A Parametric Class of Approximate Gradient Updates for Policy Optimization
This work provides a structured framework for understanding and improving policy optimization in reinforcement learning, though it is incremental as it builds on existing methods.
The authors developed a unified perspective on policy optimization methods by expressing updates through a parameterized space of approximate gradients, which generalizes existing algorithms like PPO. Experiments showed that this approach yields non-trivial improvements in convergence speed and final performance on synthetic domains and deep RL benchmarks.

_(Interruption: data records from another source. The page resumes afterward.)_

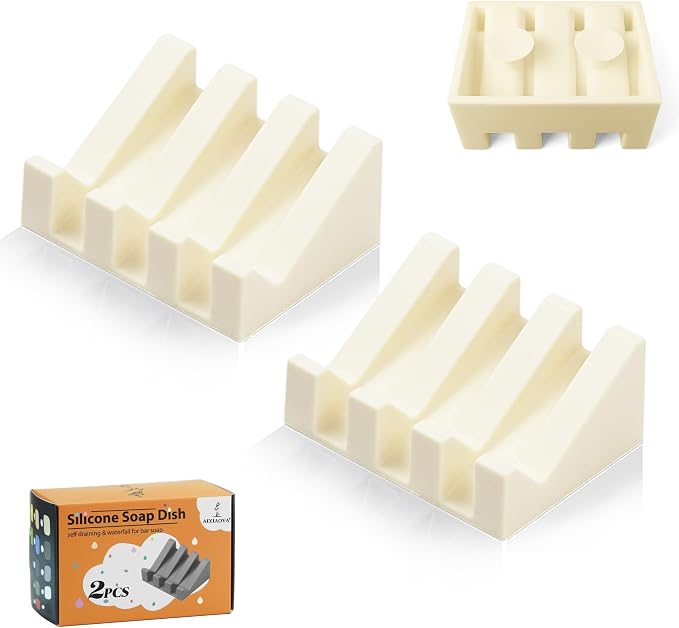Silicone Soap Dish with Drain, Upgrade Double Suction Cups at The Bottom by AIXIAOYA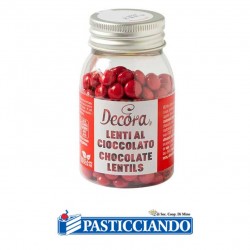  Vendita on-line di Mini lenti di cioccolato al latte rosso 80gr Decora 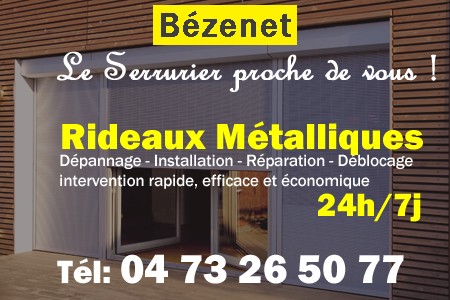 rideau metallique Bézenet - rideaux metalliques Bézenet - rideaux Bézenet - entretien, Pose en neuf, pose en rénovation, motorisation, dépannage, déblocage, remplacement, réparation, automatisation de rideaux métalliques à Bézenet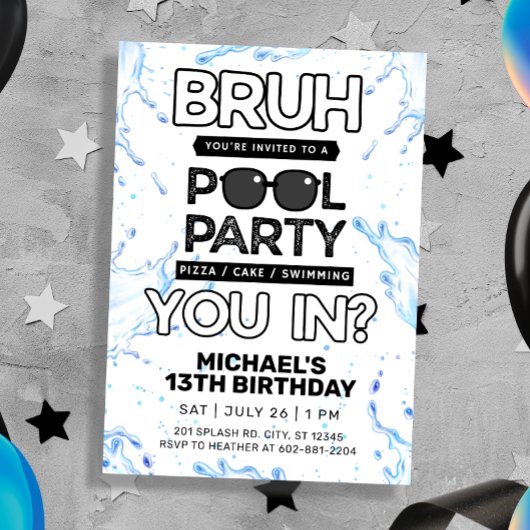 Bruh Pool Party Uitnodiging voor verjaardag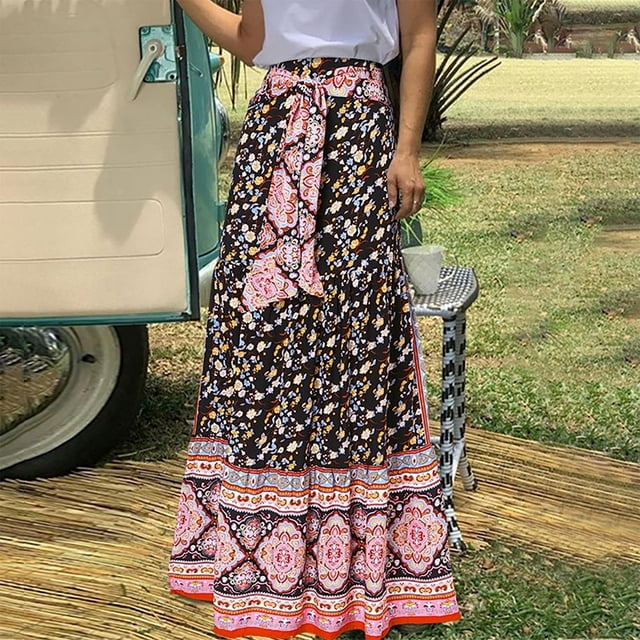 LSLJS Fashion Women Printing Casual Ruched Ruffles Elastic Waist Skirts, Boho Skirts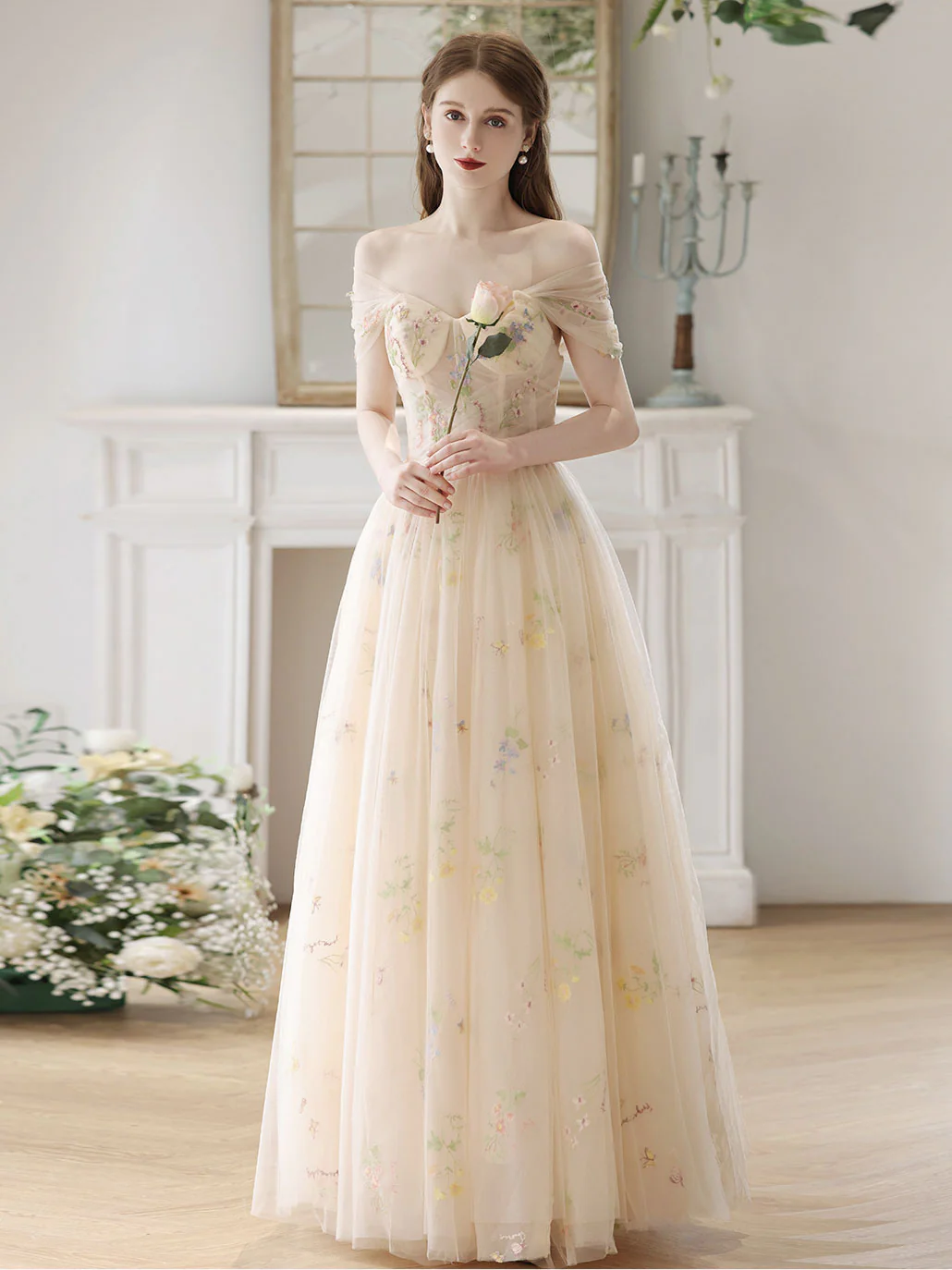 A-Line Sweetheart Neck Tulle Lace Champagne Long Prom Dress, Lace Formal Dress - Deanwangkt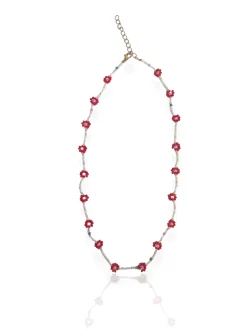 Collar rosa flores rojas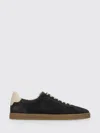 Brunello Cucinelli Mens Navy Foiled-logo Suede Low-top Trainers Eur 42 / 8 Uk In Blue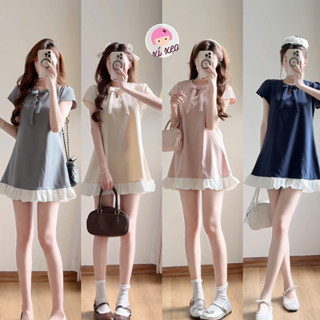 Váy ngắn cổ tròn XIXEOSHOP dáng chữ A phối bèo phong cách hàn quốc - V24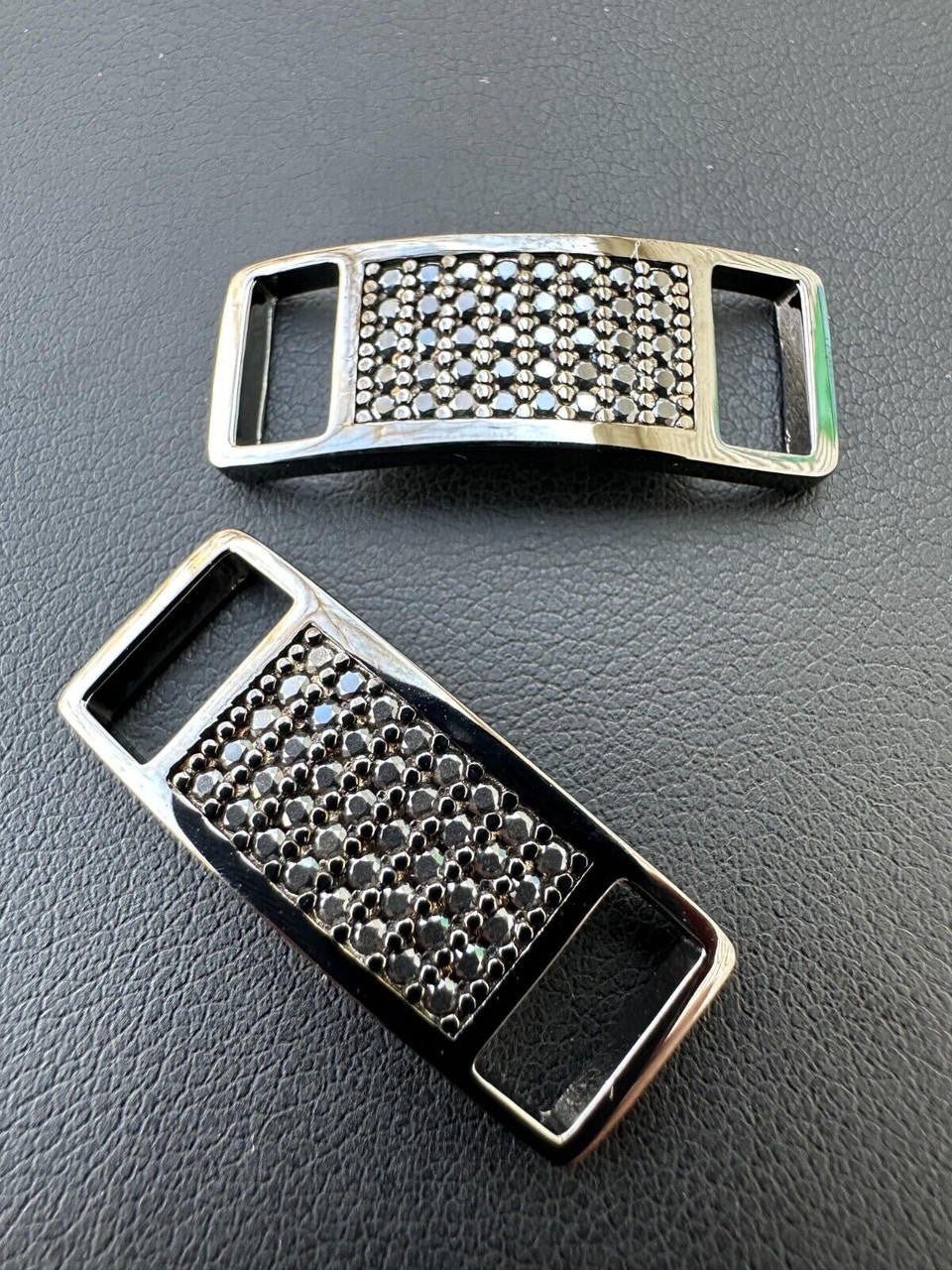 Black MOISSANITE Iced Out Lace Locks - Black Rhodium Over 925 Silver  -  Great For All Sneakers: Nike Air Force 1, Jordans, & More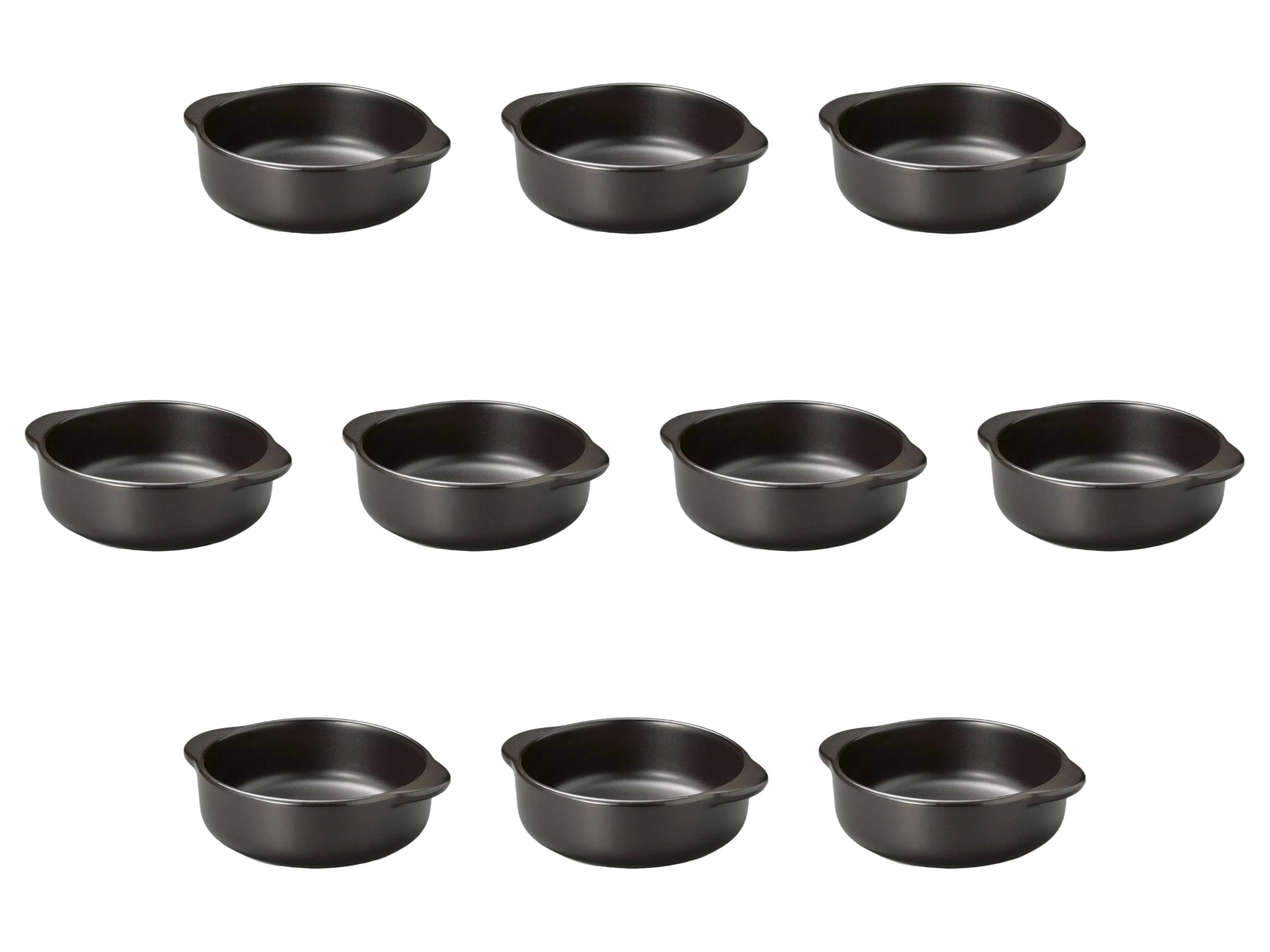 Set of 10, Brown Round Doria [6.9 x ?5.8 x 2.0 inches (17.5 x 14.7 x 5 cm) | Gratin Dish, Ceramic, Banko Ware, Direct Fire, Setomonohonpo,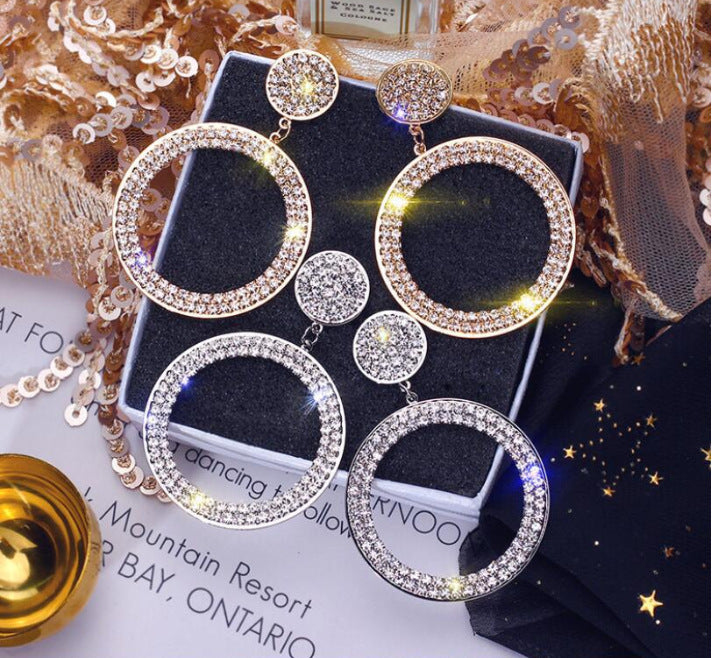 Exaggerated Geometric Circle Hook Earrings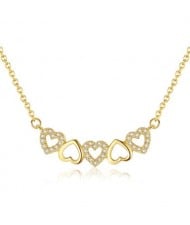 Cubic Zirconia Embellished Hearts Pendant Design 925 Sterling Silver Necklace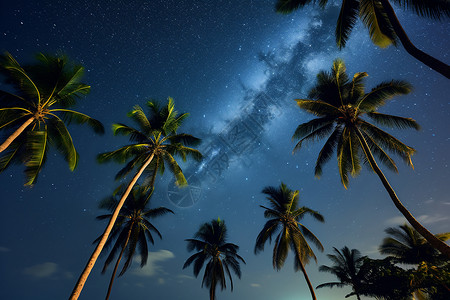 夜空下的椰树背景图片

Approaches to policy optimization have been motivated from diverse principles, based on how the parametric model is interpreted (e.g. value versus policy representation) or how the learning objective is formulated, yet they share a common goal of maximizing expected return. To better capture the commonalities and identify key differences between policy optimization methods, we develop a unified perspective that re-expresses the underlying updates in terms of a limited choice of gradient form and scaling function. In particular, we identify a parameterized space of approximate gradient updates for policy optimization that is highly structured, yet covers both classical and recent examples, including PPO. As a result, we obtain novel yet well motivated updates that generalize existing algorithms in a way that can deliver benefits both in terms of convergence speed and final result quality. An experimental investigation demonstrates that the additional degrees of freedom provided in the parameterized family of updates can be leveraged to obtain non-trivial improvements both in synthetic domains and on popular deep RL benchmarks.